Sunday, October 16, 2016

3 Stars - The Pursuit of Pearls by Jane Thynne

Publisher: Ballantine Books
Historical Fiction
Buy: AMZ

About the Book

Perfect for fans of Jacqueline Winspear, Charles Todd, Robert Harris, and Susan Elia MacNeal, here is the next thrilling historical novel featuring Clara Vine, the British actress and special agent who glides through the upper echelons of Nazi society, covertly gathering key intelligence—and placing herself in mortal peril.
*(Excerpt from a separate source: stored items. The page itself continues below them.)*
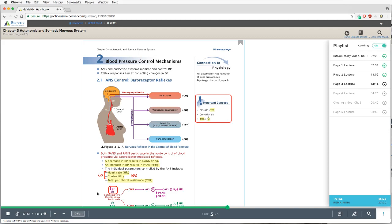To block reflex bradycardia, there are two ways. One would be to non-selectively block nicotinic neuronal receptors in ganglia, wiping out all parasympathetic outflow and preventing reflex bradycardia. A more precise approach would be to block the muscarinic M2 receptors themselves with anti-muscarinic drugs. So there are two ways: blocking the ganglionic synapse with nicotinic antagonists, or blocking the effector cell synapse with muscarinic antagonists. In either case, you would selectively cancel the reflex bradycardia while letting another drug raise blood pressure, perhaps in a shocky patient.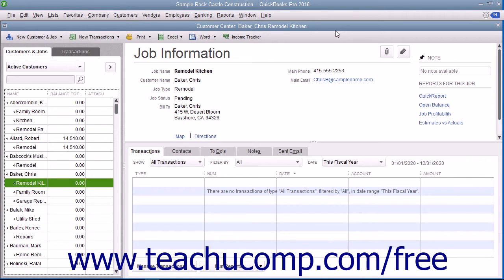The ability to bill for only a percentage of the estimate, or for various amounts of selected items in an estimate, is called progress invoicing or partial billing.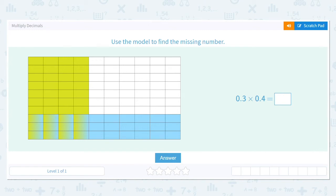Multiply decimals. Let's use this model to find the missing number. This is a really cool idea.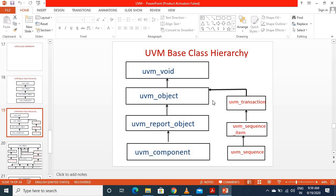If you are going to create some transaction or sequence item, the subclasses are already present derived from UVM object. Note that UVM transaction is now deprecated, so instead we derive our transactions from UVM sequence item, because it provides some additional methods. If we are implementing a transaction class, we will derive it from UVM sequence item.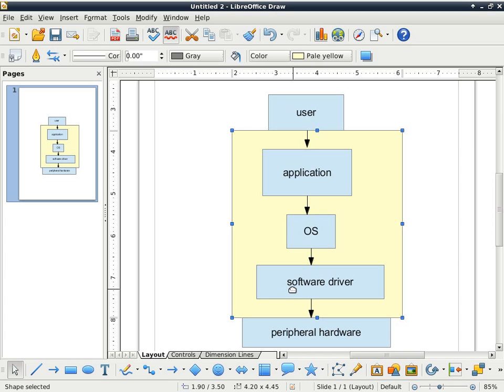When you say the software driver corrupts the operating system, that means that it happens when your software driver overrides some command from the operating system. It just has to alter the memory that your operating system uses enough to cause it to crash.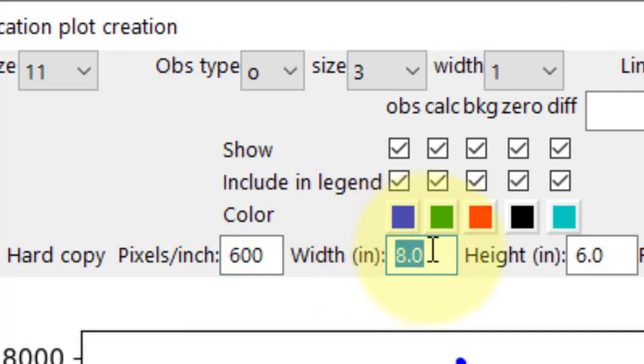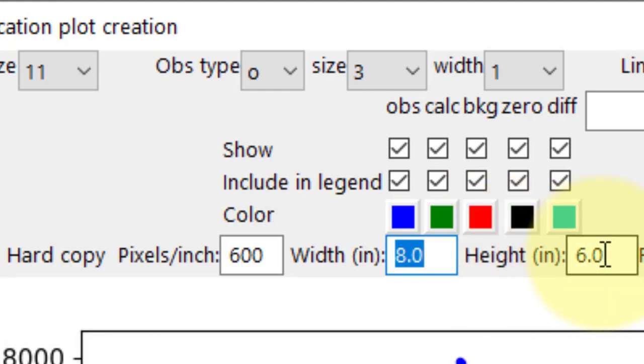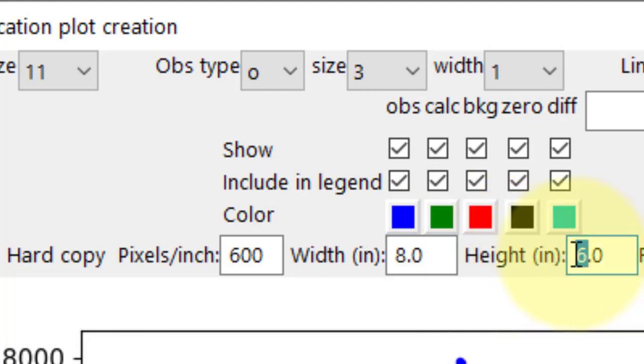We can set the width and height of the figure, such as 8 by 8 inches for a square plot, or the default 8 by 6 inches.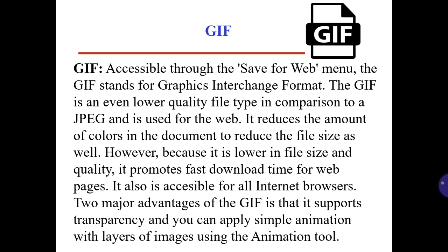However, because it is lower in file size and quality, it promotes fast download time for web pages and is accessible in all internet browsers. Two major advantages of the Graphics Interchange Format are that it supports transparency and you can apply simple animation with layers of images using the animation tool.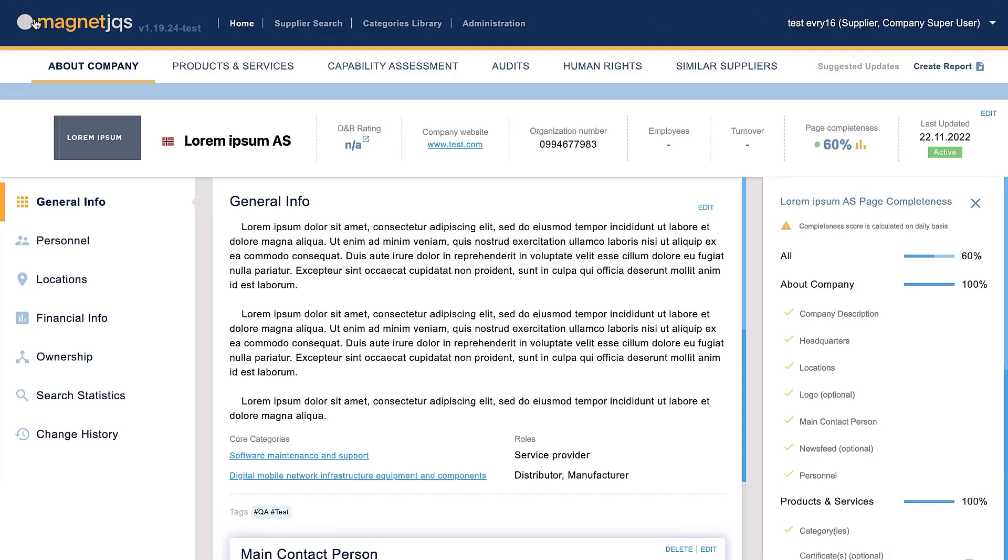The Category Library provides users with an alternative and valuable way to search for suppliers, products, and services within Magnet JQS. It enables users to identify potential suppliers in relevant categories and provides suppliers with an accessible and efficient way to register products and services as part of their offerings.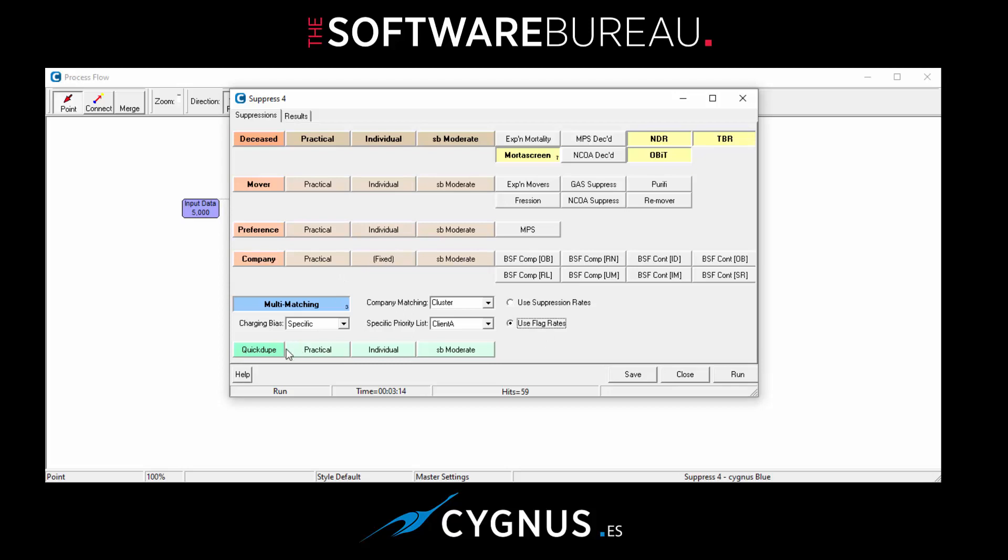Okay. And finally, quick dupe. As mentioned at the beginning, you can run a quick de-dupe process on your input data. It doesn't use as sophisticated rules as it does in our de-dupe and purge modules, but it is quite a useful little check that you might want to make against your input data by running a quick dupe process on it.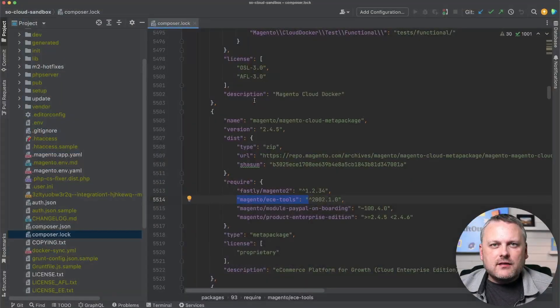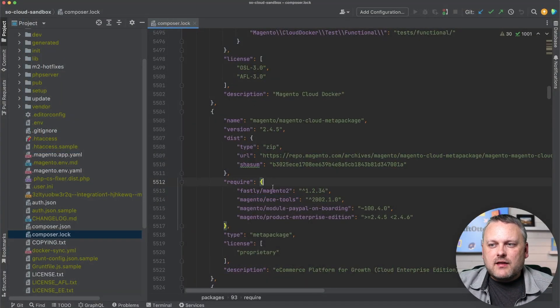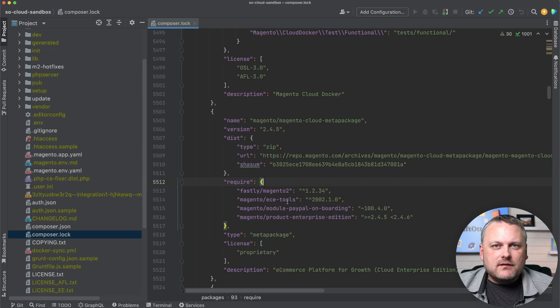Now let's talk about the ECE tools package. You may remember when looking at the cloud meta package in Composer that the ECE tools package was one of the additional dependencies included for a cloud project. The ECE tools package is a CLI command that allows you to manage various things about your cloud application from the terminal.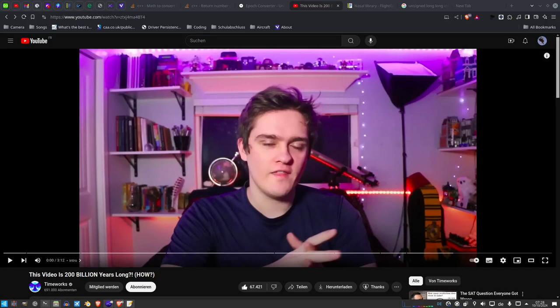Hello everyone, welcome to the channel — or welcome back to the channel if you're not a new viewer.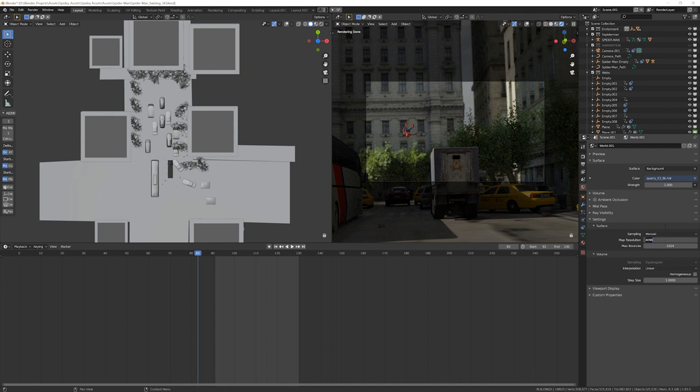So yes, it'll take longer to actually calculate each frame before it renders, but produce less noise with fewer samples. So it's going to ultimately increase our render time. So that's what you're going to do.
In the spring of 1939, the drums of war beat throughout Europe, but nowhere more ferociously than in Berlin. The film studio where Clara Vine works is churning out movies, but each day that she stays in Germany is more dangerous than the last. Spying on the private life of the Third Reich, passing secrets to contacts in British intelligence, falling into a passionate affair—any of these risky moves could get Clara shot. So she is wholly shaken when someone close to her is murdered instead. The victim is Lottie Franke, an aspiring costume designer and student at the prestigious Faith and Beauty finishing school that trains young women to become the wives of the Nazi elite. While the press considers Lottie’s death in the Grunewald forest the act of a lone madman, Clara uncovers deeper threads, tangled lines that seem to reach into the darkest depths of the Reich—and to a precious discovery that Hitler and his ruthless cohorts would kill for.
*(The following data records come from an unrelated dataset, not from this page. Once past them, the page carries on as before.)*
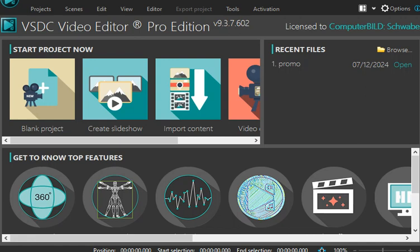Welcome back to my channel. In this video, I'm going to show you how to activate VSDC version 9.3.7.602 or any version you have using the license key I'm going to share with you. I'm sure this license key will work because I've made this video in December 2024.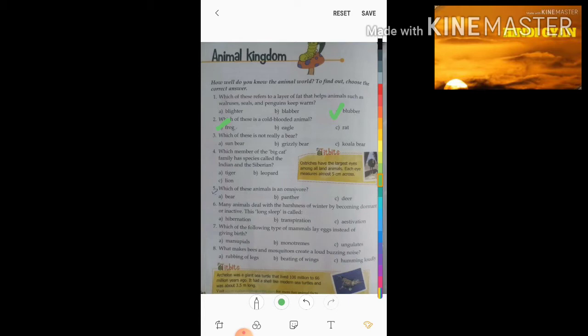Third question: which of these is not really a bear? The options are Sun bear, grizzly bear, and koala bear. Students, the right answer is koala bear.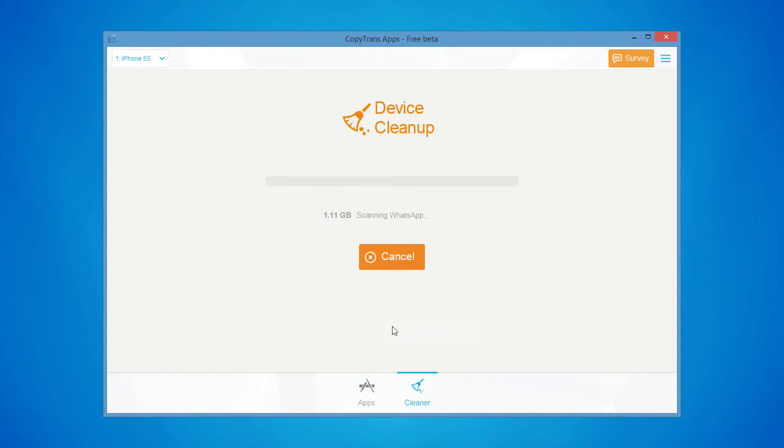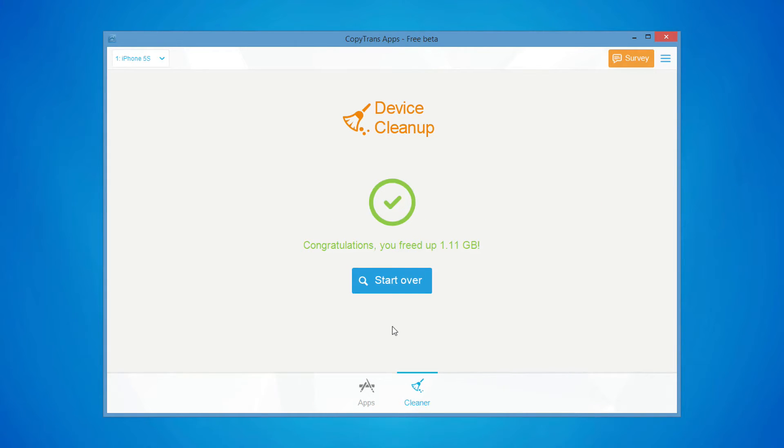This is how you can free up space on your iPhone by cleaning up the iOS cache, temporary files, and cookies.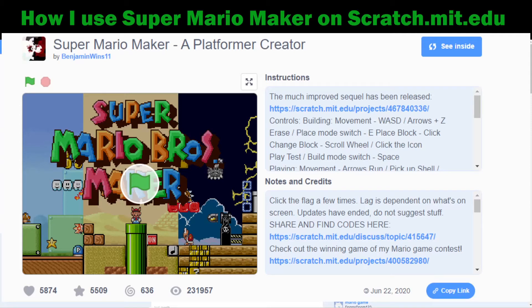Hey everybody, Mrs. Vance here. I want to show you this website — it's called scratch.mit.edu. It's a really great social networking school website that allows you to create your own video games, animations, and code art.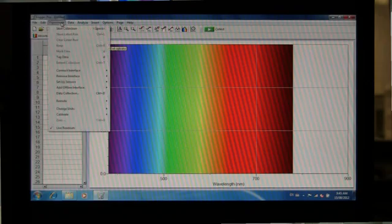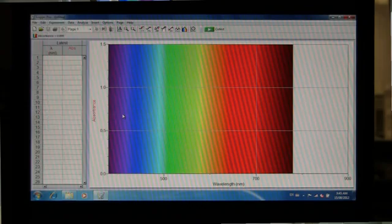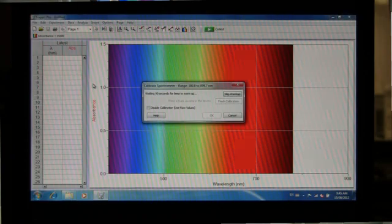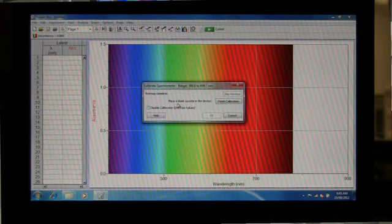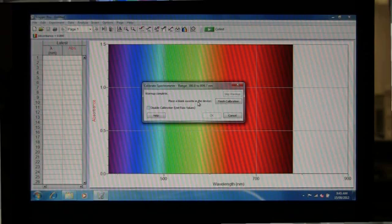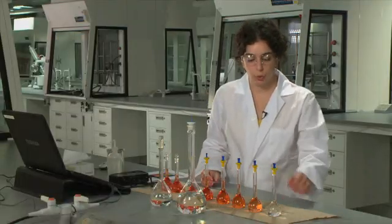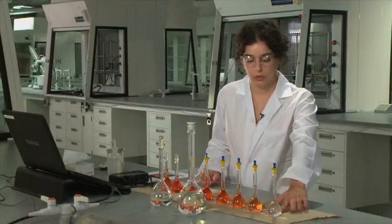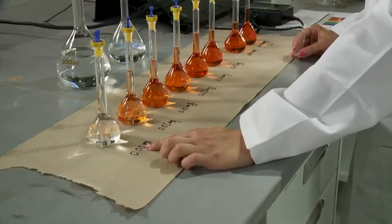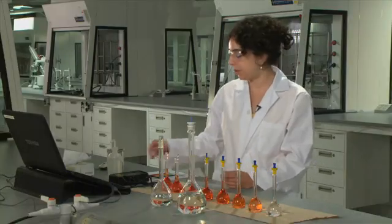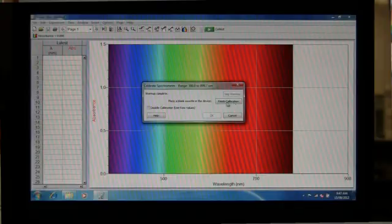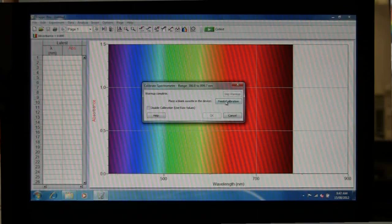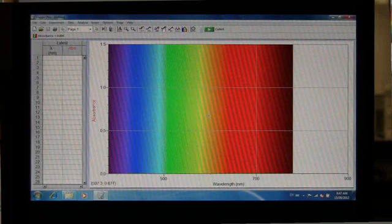We have to first calibrate the instrument. So to do that, we're going to go into Experiment, and go down to Calibrate, and click on Spectrometer. And you'll see a window pop up telling you that the lamp is warming up. When the warmup has completed, it'll then prompt you to place your cuvette in your device. So you would start off with your blank solution, so the one solution in your standard series that contains zero milligrams of iron. And then you will put it in the spectrophotometer, and then click on Finish Calibration. And after a few seconds, you'll then be able to click OK, and your spectrometer will be ready to run your experiment.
I enjoyed the story, but it took me a while to get into this one as opposed to Thynne's earlier book, The Scent of Secrets. 

Clara Vine, an actress concealing her Jewish identity in Nazi Germany, has been hand-picked by Leni Riefenstahl to star as the personification of the German spirit. One would make much of the choice, but Clara is pre-occupied with other things, namely the murder of a young "Faith and Beauty" woman and her extracurricular spying activities. She pines for her missing beau and dithers over a mission guaranteed to expose her, and after rubbing elbows with numerous Nazi elite manages to learn something that will change Europe, not for the better.

Again, I like the story, and I think I could like this series. I have the next book in possession, which takes the story into the actual war and I look forward to it. I think Scent was a more interesting story mainly because of the interaction between Clara and Eva Braun - I was more interested in Clara insinuating herself directly into danger zone, where here she kind of moved in and out of it.